Every Army man in the sixties will remember George Goddard. A cheery Irishman, full of anecdotage, universally popular, but, alas! with the proverbial lack of the one thing needful. Appointed by Tod Heatly as one of his touts, he combined business with pleasure by radiating between the various regiments and billeting himself on any one he knew at the Raleigh or Army Clubs.
“Now, Major,” he once said to Gussy Brown after a hilarious mess dinner, “you see that stain on the floor? I bet you I’ll remove it without touching it.”
“Impossible,” replied the little man. “I’ll bet a fiver you don’t,” and before the astonished audience could say “Jack Robinson” the gallant Gussy had been seized by his spurs and smeared across the floor.
But all this was in the days of practical joking.
Gussy Brown, although the most diminutive of cavalry field officers, was also the most pompous, and on one occasion when the 4th were invited to a humdrum dance at Brighton the little man, to show his displeasure, walked slowly round the room with his “Gibus” under his arm, and making three stately bows to the astonished hostess slowly left the room.
On the occasion of the Goddard joke, his only remark was, “D— stupid!”
At this period touting for brewers and wine merchants was the curse of the Army. Every club contained retired colonels and others who buttonholed one on every occasion. Before a troopship entered the harbour a tout came on board with the pilot; dining at an Army club, the man at the next table inquired if your regimental canteen was well served; indeed, they penetrated the most sacred precincts with the pertinacity of a sandstorm.
As a cranky old general once exclaimed “D— it, I thought we were safe when militia men were not eligible; but these touts and store-keepers and bonnet-shop keepers will make the Rag a den of thieves, by Gad!”
The association of these respective vocations in the old warrior’s mind was evidently based on the legend that then obtained that when the captain was inspecting the front rank of the Tower Hamlets the rear rank was faced about by way of precaution.
Every one who knew Jonas Hunt must have been astonished to read that he left over £35,000 at his death a few months ago. As brave as a lion, he would assuredly—had he not been such a rip—have received the Victoria Cross for his share in the Balaclava charge, and when he sold out two years later, he was literally without a shilling, and continued in the same happy condition for twenty years after—not that Jonas stinted himself in anything, on the contrary, he would plunge to any extent, dunning you if chance made him your creditor, and forgetting any debt almost as soon as contracted. A bruiser of no mean class, he invariably suggested a round if any one had the temerity to remind him.

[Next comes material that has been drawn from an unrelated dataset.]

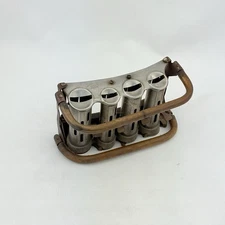 McGill High Speed Coin Changer 4 Barrel Dispenser Belt Mount Vintage J.L. Galef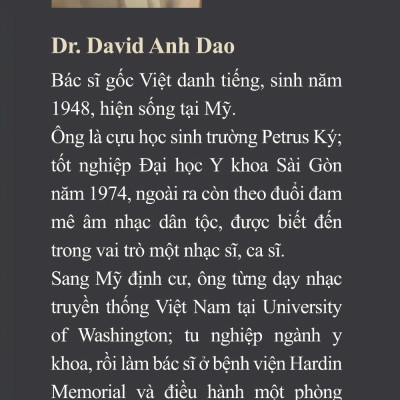 Lôi Đi - Dr. David Anh Dao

A highly objectionable individual, whose father was a buggy master in Calcutta, and actually got a commission in the “Blues” till ordered to sell out for writing anonymous letters to a celebrated beauty of the Sixties not long since dead, once had the impudence to remind Jonas of a debt, and was replied to as follows: “I should have thought it more in your line to have written anonymously to my wife, but if you prefer to settle the matter with your fists I am entirely at your disposal.” The man who procured the retirement of the anonymous letter-writer was at the time an officer in the Guards, and though still to be seen radiating between minor restaurants and 100 per cent. bureaus, has nothing left of his former self but a fly-blown prefix to his name, and even that has lost its commercial value amongst Hebrew financiers of shady enterprises.